Patients with aortic stenosis have been safely managed with spinal anaesthesia but in this situation the maintainence of arterial pressure is crucial and epidural anaesthesia is often chosen so that the spread of the block can be titrated more gradually. The avoidance of the myocardial depressant effects of many general anaesthetic agents by the use of spinal anaesthesia is an advantage.
Spinal anaesthesia presents difficulties in women with mitral stenosis and the onset of a tachycardia may result in cardiac decompensation and pulmonary oedema. Metaraminol or phenylephrine are more appropriate vasopressors than ephedrine in this population (Chapter 79) (Chapter 76).
In aortic and mitral valvular regurgitation, the afterload reduction theoretically helps to reduce the regurgitant fraction, but preload and heart rate need to be maintained.

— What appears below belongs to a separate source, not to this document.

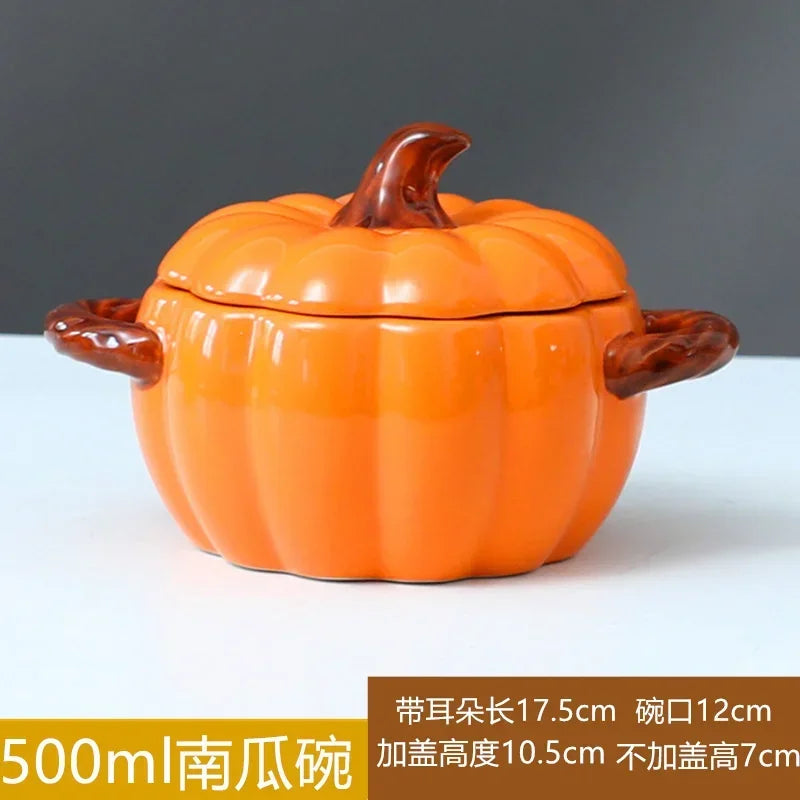 HarvestGlow™ Ceramic Pumpkin Serving Bowl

Clearly, patients receiving anticoagulant therapy associated with prosthetic valve replacements must have coagulation normalised prior to spinal anaesthesia being instituted (Chapter 72).
4. Cardiac Failure
A significant reduction in the incidence of cardiac failure after major abdominal surgery in high-risk patients has been demonstrated with combined epidural and general anaesthesia and postoperative epidural analgesia (14). Intraoperatively, spinal anaesthesia alone might be expected to confer an advantage over a combined technique due to the unloading of the heart and the avoidance of negatively inotropic general anaesthetic agents. There is a risk, however, that intraoperative fluid therapy, compensating for venous pooling, may result in postoperative fluid overload once the sympathetic block has regressed. A careful balance of fluid and vasopressor therapy is therefore necessary in patients with a history of heart failure.
5. Dysrhythmias
There are a number of reports in the literature noting aggravation of conduction defects or cardiac arrest in association with spinal anaesthesia (15, 16, 17). These have a common theme of relative vagal hyperactivity causing increased sinus or atrio-ventricular nodal block in patients with spinally-induced blockade of cardiac sympathetic fibres. Preoperative assessment to identify patients at risk, and avoidance of hypovolaemia should help to limit the occurrence of these brady-dysrhythmias.

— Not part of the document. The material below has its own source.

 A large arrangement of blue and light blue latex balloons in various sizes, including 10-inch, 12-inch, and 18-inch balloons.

Many vasopressors cause a reflex bradycardia (e.g. phenylephrine, metaraminol) and in these patients, an agent with more beta-1 activity, such as ephedrine, is often preferable. In the near-arrest situation, adrenaline is appropriate and should be given early.
Conclusions
Spinal anaesthesia, using epidural or subarachnoid block, is appropriate and safe in patients with many forms of cardiac disease. Although the benefits of spinal anaesthesia over general anaesthesia with respect to cardiac morbidity reduction remain unproven, there is no reason to believe that morbidity is increased provided that there is a clear understanding of the haemodynamic effects and of the requirement for appropriate and timely intervention. The advantages of spinal anaesthesia techniques in other areas, including improved pain control and reduced recovery time, can then be achieved.